The BitWorm SEO Blog

October 18, 2007

Is Microsoft Live Search stuffing our log files?

Filed under: Microsoft, SEO — admin @ 8:39 am

On one of the large sites I SEO and monitor traffic for, we’ve seen a large bump in search.live.com traffic over the past few months. The keywords used don’t always make sense for the page being landed on, and the keyword phrase is always a single word.

I’ve assumed (shame on me?) that it was a bug somewhere related to search.live.com that is only allowing the first keyword through to our WebTrends Analytics tool. Andrew Urquhart has commented on his similar theory for the problem.

For yesterday’s stats, MSN had a significantly large volume of traffic that just didn’t seem to make any sense. If it’s wrong, it’s no longer statistically background noise, but rather seriously impactful data that puts the legitimacy of the log data into question.

Looking for answers, I directed my browser over to WebMasterWorld to check out the MSN forum. The Strange Referrer Activity post was right near the top. Among other things, this post on Sept. 5th 2007 was interesting, and a major cause for concern:

Thanks for all the feedback on this thread.
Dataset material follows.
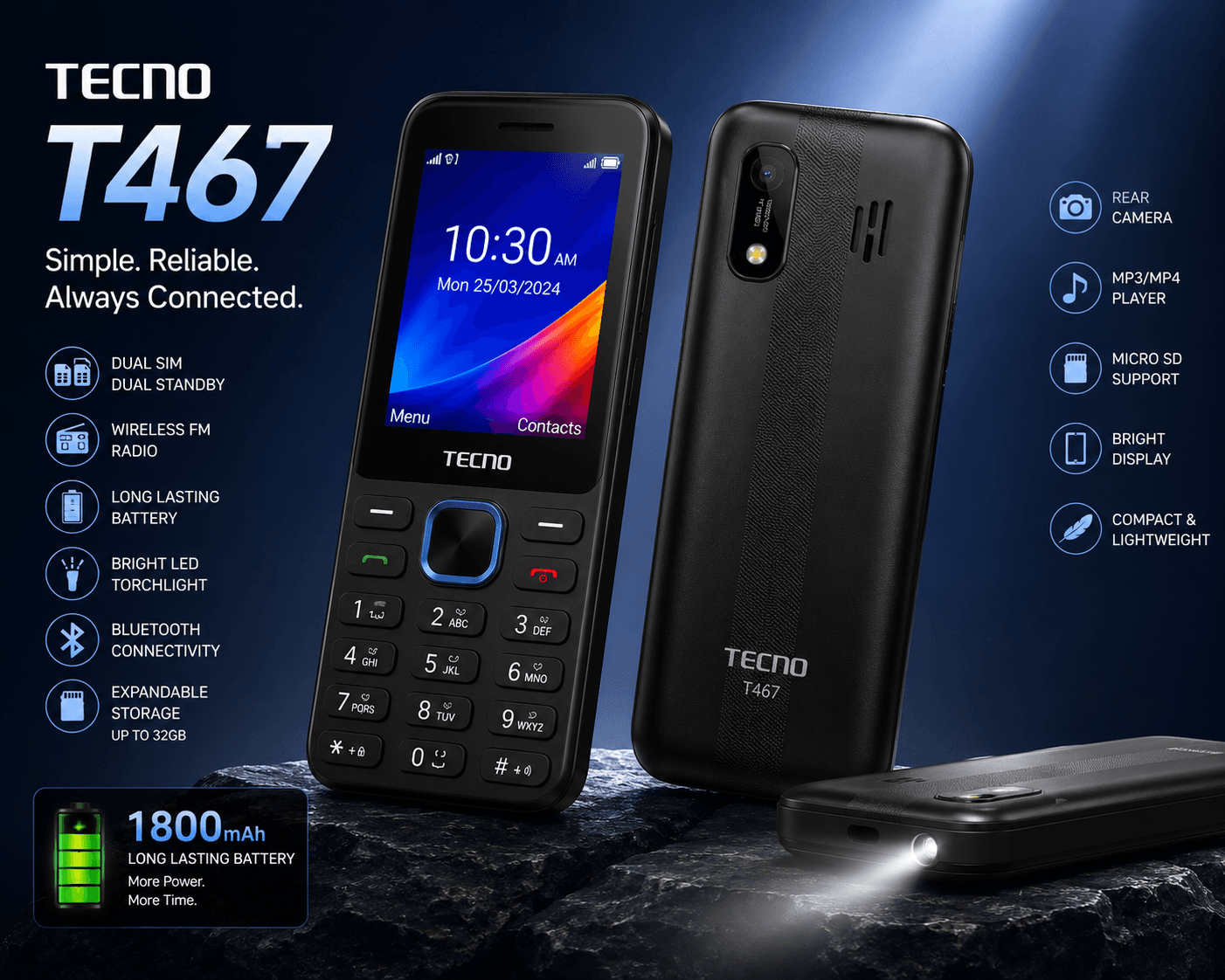 TECNO T467 Dual SIM Mobile Phone with Expandable Storage 3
First, we appreciate the concerns and issues that have been raised and apologize for any incovenience this might have caused.
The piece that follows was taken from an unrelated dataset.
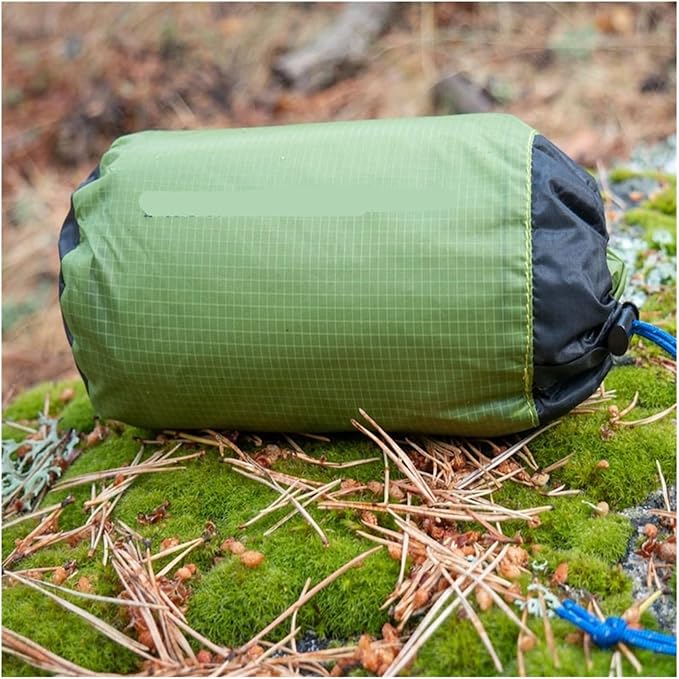 Compatible for Tarp Lightweight MINI Sun Shelter Camping Mat Tent Footprint 15D Nylon Silicone(Dark Green 210x150CM)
Second, we want to explain what this is all about. The traffic you are seeing is part of a quality check we run on selected pages. While we work on
addressing your conerns, we would request that you do not actively block the IP addreses used by this quality check; blocking these IP addresses could prevent your site from being included in the Live Search index.
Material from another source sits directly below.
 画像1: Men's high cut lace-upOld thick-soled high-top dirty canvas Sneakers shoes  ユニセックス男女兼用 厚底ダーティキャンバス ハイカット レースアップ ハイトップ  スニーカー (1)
Please keep the feedback and thoughts coming as we will use this to help improve this process and make sure that it impacts your sites as little as possible.

thanks
- msndude (msd)

That seems to confirm that at least some of this may be bogus traffic. How much is bogus? We have no easy way to know…

That should be very concerning to any webmaster who values the credibility of their log data. If nothing else, that puts thousand of historical search.live.com referrals for the past few months into question.

It concerns me that:

  1. Microsoft seems to not seem to care about messing with the validity of log files for websites on a global scale.
  2. Microsoft is making it look like websites are getting human traffic from search.live.com which in fact may be a Microsoft bot. I heard the phrase “fake it until you make it”, but that should not be a valid search engine market share tactic!
  3. There is no obvious and/or official way to correctly cleans the corrupted log files of this bogus traffic. (Not to mention the time I need to spend to do it.)
  4. Microsoft has mostly been silent on this issue.
  5. The bot is ignoring the robot.txt rules, and does not identify itself as a bot.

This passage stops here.